En refoulant quelque chose de négatif en soi, le problème initial demeure et en +, nous en souffrons continuellement, car ce qui n’est pas exprimé continue de vivre en nous, ce qui peut devenir pathologique là pour le compte. Je crois que si j’ai pu aller quasiment au-delà  de moi-même, au sens de tendre à me remettre d’une maladie grave comme celle que j’ai dû affronter, c’est qu’au fond, je n’ai jamais craint de me regarder en face.

Il a toujours s’agit pour moi, et c’est toujours le cas, de faire émerger les parties inconscientes de ce que je suis, et de TRAVERSER ces flots de pensées et d’émotions, et de les canaliser au travers de la parole… On ne peut aller au-delà de soi sans commencer par se regarder au travers du prisme de ses émotions. Que me disent-elles sur moi ??? Qu’est ce que j’apprend malgré moi et grâce à elles ???

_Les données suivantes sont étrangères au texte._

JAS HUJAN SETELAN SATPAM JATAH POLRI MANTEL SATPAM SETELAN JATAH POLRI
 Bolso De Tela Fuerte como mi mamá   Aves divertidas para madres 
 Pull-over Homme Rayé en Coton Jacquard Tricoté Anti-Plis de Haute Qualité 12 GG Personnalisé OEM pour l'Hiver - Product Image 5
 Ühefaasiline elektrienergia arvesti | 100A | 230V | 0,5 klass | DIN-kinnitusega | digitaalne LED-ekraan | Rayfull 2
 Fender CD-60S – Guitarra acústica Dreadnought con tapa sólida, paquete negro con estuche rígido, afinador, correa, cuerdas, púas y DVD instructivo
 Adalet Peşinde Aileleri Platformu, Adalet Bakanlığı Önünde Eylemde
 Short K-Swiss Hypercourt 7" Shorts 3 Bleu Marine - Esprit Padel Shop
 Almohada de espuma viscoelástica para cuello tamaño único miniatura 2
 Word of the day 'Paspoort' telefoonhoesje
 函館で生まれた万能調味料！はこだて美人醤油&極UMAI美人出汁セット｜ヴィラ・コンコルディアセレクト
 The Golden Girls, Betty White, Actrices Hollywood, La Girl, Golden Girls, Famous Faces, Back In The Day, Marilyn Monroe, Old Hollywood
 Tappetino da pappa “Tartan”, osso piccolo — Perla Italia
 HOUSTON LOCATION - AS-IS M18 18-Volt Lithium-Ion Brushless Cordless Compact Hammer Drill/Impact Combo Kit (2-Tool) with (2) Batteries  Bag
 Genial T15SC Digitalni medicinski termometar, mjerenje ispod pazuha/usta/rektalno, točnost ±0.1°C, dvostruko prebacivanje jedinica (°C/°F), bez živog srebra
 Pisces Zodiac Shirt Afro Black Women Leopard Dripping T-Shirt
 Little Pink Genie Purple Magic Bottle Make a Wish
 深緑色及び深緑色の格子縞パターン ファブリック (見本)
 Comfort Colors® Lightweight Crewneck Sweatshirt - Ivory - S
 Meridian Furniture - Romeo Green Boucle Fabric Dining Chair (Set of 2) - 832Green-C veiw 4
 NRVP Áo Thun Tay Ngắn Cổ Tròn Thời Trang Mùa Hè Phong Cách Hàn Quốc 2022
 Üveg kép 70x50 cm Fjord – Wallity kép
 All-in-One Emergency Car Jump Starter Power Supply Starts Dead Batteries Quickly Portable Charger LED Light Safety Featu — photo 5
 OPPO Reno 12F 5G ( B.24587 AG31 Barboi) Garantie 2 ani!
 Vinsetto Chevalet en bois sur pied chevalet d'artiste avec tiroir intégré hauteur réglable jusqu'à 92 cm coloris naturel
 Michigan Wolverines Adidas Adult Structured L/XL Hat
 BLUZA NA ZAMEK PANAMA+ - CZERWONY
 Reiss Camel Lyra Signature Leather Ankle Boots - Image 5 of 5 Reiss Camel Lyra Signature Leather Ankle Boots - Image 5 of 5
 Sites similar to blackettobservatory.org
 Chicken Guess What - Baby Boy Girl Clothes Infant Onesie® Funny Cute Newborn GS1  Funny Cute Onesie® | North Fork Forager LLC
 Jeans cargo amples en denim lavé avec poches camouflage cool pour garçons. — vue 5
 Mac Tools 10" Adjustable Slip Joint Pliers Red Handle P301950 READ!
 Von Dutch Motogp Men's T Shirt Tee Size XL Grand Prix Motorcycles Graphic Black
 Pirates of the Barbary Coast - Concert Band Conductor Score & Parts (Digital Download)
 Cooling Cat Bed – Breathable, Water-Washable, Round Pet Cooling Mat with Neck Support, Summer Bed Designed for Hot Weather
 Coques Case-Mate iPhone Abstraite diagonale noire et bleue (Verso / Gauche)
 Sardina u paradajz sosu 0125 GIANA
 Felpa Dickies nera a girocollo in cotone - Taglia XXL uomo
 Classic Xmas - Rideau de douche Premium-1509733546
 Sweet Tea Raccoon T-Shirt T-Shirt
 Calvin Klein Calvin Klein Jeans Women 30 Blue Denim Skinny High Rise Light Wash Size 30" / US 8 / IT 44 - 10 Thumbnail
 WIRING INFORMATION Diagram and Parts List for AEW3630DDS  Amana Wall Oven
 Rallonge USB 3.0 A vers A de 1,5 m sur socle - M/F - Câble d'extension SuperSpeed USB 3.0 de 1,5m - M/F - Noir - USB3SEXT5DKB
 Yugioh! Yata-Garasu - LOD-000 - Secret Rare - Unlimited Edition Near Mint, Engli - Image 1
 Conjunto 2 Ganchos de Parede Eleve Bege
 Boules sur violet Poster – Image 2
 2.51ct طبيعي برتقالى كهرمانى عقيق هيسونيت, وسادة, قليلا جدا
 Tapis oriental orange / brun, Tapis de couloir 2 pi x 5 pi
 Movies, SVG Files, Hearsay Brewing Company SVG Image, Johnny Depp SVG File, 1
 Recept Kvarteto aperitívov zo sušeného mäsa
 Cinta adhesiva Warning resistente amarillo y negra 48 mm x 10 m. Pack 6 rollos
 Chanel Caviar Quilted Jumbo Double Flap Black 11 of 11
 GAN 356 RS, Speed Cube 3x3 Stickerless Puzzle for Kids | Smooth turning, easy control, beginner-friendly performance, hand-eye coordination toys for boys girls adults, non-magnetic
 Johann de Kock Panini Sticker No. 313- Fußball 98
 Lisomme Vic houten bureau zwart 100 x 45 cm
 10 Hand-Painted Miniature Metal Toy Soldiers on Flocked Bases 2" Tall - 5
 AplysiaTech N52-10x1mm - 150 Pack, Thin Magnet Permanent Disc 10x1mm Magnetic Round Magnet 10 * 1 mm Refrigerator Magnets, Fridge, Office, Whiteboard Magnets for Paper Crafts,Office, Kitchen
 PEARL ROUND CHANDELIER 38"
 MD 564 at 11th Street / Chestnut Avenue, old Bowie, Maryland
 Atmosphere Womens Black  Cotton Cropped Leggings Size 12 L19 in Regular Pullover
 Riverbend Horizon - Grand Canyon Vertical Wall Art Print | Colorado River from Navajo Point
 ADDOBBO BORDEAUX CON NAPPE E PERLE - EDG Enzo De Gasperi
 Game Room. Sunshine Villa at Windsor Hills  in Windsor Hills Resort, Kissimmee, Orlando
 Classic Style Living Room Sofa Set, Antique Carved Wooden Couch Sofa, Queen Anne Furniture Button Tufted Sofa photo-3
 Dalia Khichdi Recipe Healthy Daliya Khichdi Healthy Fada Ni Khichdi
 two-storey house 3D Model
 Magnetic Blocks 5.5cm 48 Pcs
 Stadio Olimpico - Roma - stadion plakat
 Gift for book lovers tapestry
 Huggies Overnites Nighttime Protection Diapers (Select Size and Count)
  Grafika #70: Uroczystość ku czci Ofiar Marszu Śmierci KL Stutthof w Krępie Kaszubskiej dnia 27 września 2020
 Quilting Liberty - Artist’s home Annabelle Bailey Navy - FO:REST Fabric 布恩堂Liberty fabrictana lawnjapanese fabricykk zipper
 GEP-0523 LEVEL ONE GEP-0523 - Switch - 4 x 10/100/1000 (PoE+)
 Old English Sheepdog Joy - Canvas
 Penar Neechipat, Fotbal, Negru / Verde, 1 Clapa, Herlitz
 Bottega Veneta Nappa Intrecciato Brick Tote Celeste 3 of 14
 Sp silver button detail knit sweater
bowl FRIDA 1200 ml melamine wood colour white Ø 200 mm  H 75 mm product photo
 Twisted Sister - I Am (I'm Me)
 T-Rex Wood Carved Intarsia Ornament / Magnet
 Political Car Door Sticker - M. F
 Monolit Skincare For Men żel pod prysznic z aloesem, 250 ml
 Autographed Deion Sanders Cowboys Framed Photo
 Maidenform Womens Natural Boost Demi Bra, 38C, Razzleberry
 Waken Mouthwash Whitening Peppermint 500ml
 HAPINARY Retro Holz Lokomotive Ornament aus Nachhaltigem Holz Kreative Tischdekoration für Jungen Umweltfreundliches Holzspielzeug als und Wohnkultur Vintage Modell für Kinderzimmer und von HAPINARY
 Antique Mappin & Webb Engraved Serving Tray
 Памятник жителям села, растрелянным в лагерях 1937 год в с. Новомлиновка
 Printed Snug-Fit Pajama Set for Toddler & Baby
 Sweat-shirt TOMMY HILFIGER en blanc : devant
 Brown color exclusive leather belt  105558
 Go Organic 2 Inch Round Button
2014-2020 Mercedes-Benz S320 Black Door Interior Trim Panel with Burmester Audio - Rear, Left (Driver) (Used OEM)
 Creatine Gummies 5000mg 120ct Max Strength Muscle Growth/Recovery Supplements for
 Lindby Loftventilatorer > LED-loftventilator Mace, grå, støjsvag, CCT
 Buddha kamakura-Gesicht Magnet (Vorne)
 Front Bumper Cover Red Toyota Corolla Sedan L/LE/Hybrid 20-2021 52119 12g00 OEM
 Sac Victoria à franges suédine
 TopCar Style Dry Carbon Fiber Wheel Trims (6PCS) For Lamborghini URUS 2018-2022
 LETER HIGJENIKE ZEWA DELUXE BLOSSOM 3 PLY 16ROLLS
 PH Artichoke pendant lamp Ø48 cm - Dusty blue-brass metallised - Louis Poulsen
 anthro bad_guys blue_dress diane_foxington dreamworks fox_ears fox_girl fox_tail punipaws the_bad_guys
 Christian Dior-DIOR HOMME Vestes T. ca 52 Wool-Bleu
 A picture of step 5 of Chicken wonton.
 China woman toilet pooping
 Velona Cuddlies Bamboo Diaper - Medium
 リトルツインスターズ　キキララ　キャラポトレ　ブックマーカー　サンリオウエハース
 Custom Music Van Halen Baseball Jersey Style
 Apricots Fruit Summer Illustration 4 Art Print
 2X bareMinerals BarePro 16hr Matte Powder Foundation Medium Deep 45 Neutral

C’est cela tout l’enjeu de se reprendre en main. De ne plus être spectateur de sa vie mais de la vivre pleinement. Surtout… de ne pas faire semblant d’être heureux alors que l’on ne l’est pas car cela ne trompe personne au final.. Souvent dans la vie, ce que j’appelle les bonheurs exclusifs, ceux qui sont ostentatoires de manière à blesser les autres sont faux et réellement inconsistants. C’est même parfois le symbole de la pauvreté suprême, la pauvreté affective, car tout bonheur réel ne demande qu’à être partagé par nature.